» **Task to carry out**:
Look below for the line holding "2025 Nissan ROGUE photo" and the line holding "Best HVAC Training". Transcribe exactly those lines and all lines between them, nothing more.

##### Listed records #####

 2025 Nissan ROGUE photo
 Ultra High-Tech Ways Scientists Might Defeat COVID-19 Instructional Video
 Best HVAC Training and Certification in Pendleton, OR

#####
##### Listed records #####

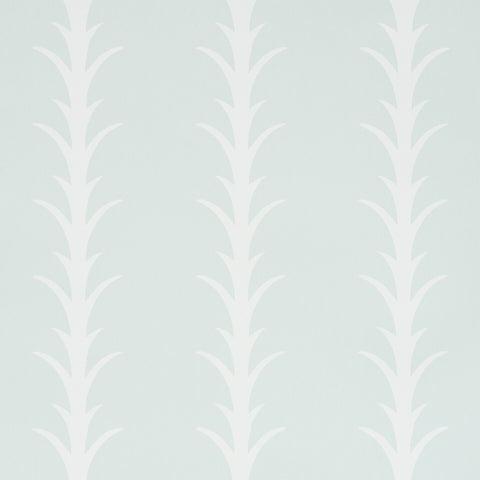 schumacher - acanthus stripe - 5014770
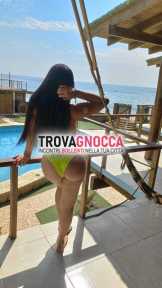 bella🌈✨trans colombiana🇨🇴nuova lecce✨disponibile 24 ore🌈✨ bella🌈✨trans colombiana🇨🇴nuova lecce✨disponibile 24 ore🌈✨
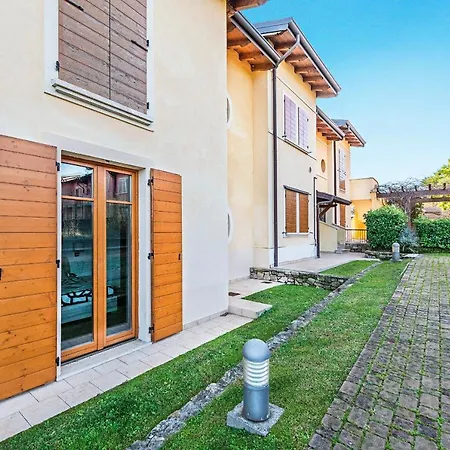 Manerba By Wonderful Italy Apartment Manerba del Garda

#####

» **Response**:
 2025 Nissan ROGUE photo
 Ultra High-Tech Ways Scientists Might Defeat COVID-19 Instructional Video
 Best HVAC Training and Certification in Pendleton, OR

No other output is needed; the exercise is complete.